Она уронила сумку на кровать и повернулась ко мне лицом,
вытирая слезы и пылая долго копившимся гневом. Я сглотнул.
— Раз уж мы играем в игру «говорить правду», позвольте
вам сказать, что вы всегда будете одиноким. Вы останетесь одиноким потому, что
не способны ни любить, ни сопереживать. Вы похожи на этот дом, от которого у
меня мурашки бегут по спине. Меня не удивляет, что ваша прекрасная дама
оставила вас с носом, да и все остальные тоже. Вы не умеете любить сами и не
позволяете любить себя.
Я смотрел на нее, совершенно раздавленный. Она била
наотмашь, не думая, куда попадают удары. Я пытался что-то сказать, но у меня
получался лишь беспомощный лепет.
— Тебе действительно не понравился письменный
прибор? — сумел выдавить я наконец.
Исабелла в изнеможении закатила глаза.
— Не нужно смотреть на меня с видом побитой собаки. Я,
конечно, дура, но не настолько.
Я стоял молча, прислонившись к дверному косяку.
Исабелла поглядывала на меня недоверчиво и сочувственно.
— Я не хотела говорить такое о вашей подруге, о той, с
фотографии. Извините, — пробормотала она.
— Не извиняйся. Это правда.
Потупившись, я вышел из комнаты.
Я скрылся в кабинете и смотрел на темный город, затянутый
туманом. Вскоре на лестнице послышались неуверенные шаги.
— Вы там, наверху? — окликнула девушка.
— Да.
Исабелла вошла в студию. Она переоделась и смыла с лица
следы слез. Девушка улыбнулась мне, и я улыбнулся в ответ.
— Почему вы такой? — спросила она.
Я пожал плечами. Исабелла приблизилась и села рядом на
подоконник. Мы наслаждались видом крыш старого города, окутанных сумерками и
безмолвием, не испытывая потребности что-то говорить. Через некоторое время
Исабелла посмотрела на меня с улыбкой.
— Что, если мы раскурим одну из сигар, подаренных вам
отцом, и выкурим на двоих?
— И речи быть не может.
Исабелла погрузилась в долгое молчание, как она это умела,
бросая на меня быстрые взгляды и улыбаясь. Я искоса наблюдал за ней, осознав
вдруг простую вещь: только глядя на нее, намного легче было поверить, будто
осталось еще что-то хорошее и достойное в этом поганом мире, и кто знает,
может, и во мне самом тоже.
— Ты останешься? — спросил я.
— Назовите хорошую причину. Правдивую, или, в вашем
случае, эгоистическую.
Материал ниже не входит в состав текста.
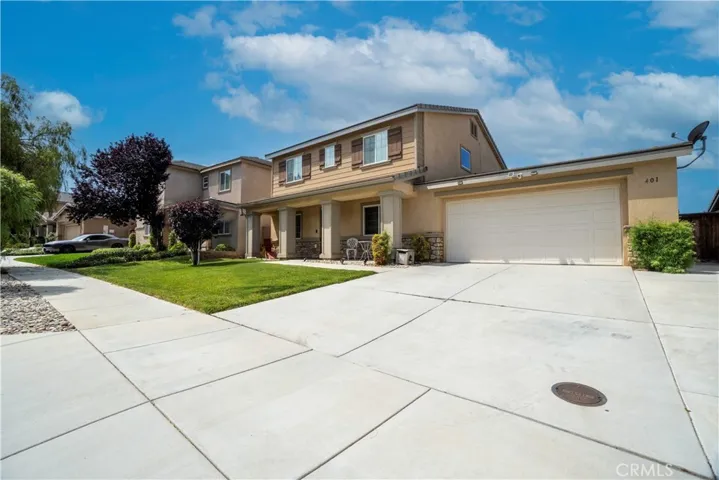 401 Tivoli Court, Hemet, California 92543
И лучше, если это не будет детской сказочкой, или я
ухожу сию минуту.
Исабелла отгородилась настороженным взглядом, ожидая
услышать одно из моих иронических замечаний, и на мгновение она показалась мне
единственным человеком в мире, которому я не мог и не хотел лгать. Я уставился
вниз и впервые сказал правду, чтобы она прозвучала громко хотя бы для меня
самого.
— Ты единственный друг, оставшийся у меня.
Напряженное выражение исчезло с ее лица, и я отвернулся, чтобы
не видеть жалости в ее глазах.
— А как насчет сеньора Семпере и другого, этого
самодовольного Барсело?
— Ты единственная осмеливаешься говорить мне правду.
— А ваш любезный патрон, он разве не говорит вам
правды?
— Не бей лежачего. Патрон мне не друг. И сомневаюсь,
чтобы он хоть раз в жизни сказал правду.